HOW TO COMPLETE THIS TASK:
Reproduce the listing below exactly, except for its pictures.

BEGIN DATA SECTION

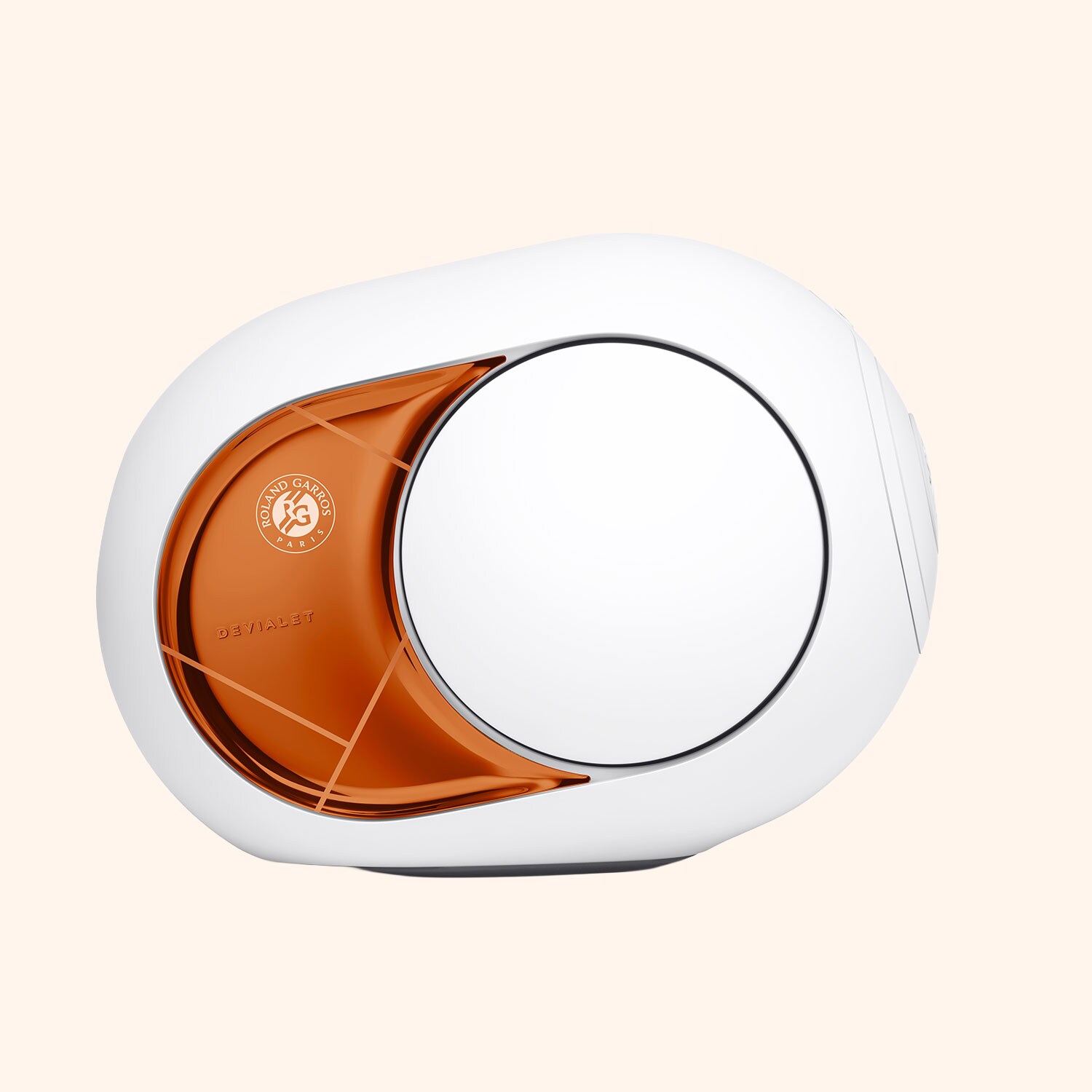 Devialet Phantom Ultimate 108 dB Roland-Garros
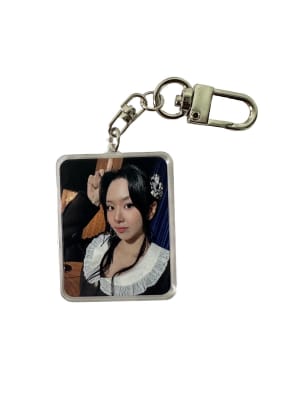 Llavero Twice Acrílico Chaeyoung De Mini Álbum With You Th1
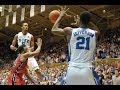 Top Plays- Duke 81, Drury 65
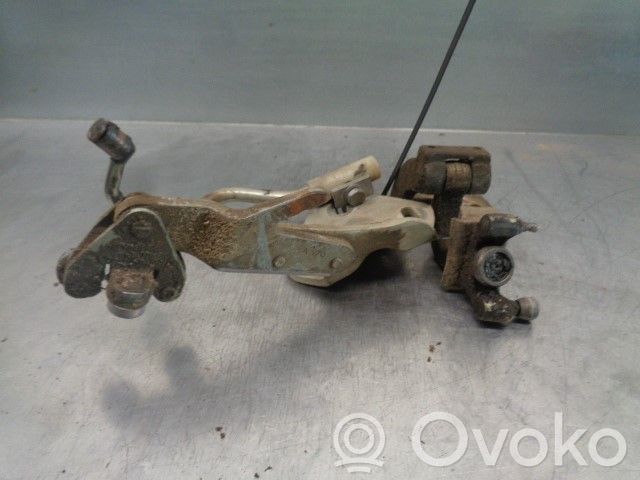 Tailgate/trunk/boot hinge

END DATA SECTION

SOLUTION TO THE PROBLEM:
 Devialet Phantom Ultimate 108 dB Roland-Garros
 Llavero Twice Acrílico Chaeyoung De Mini Álbum With You Th1
 Top Plays- Duke 81, Drury 65
 Tailgate/trunk/boot hinge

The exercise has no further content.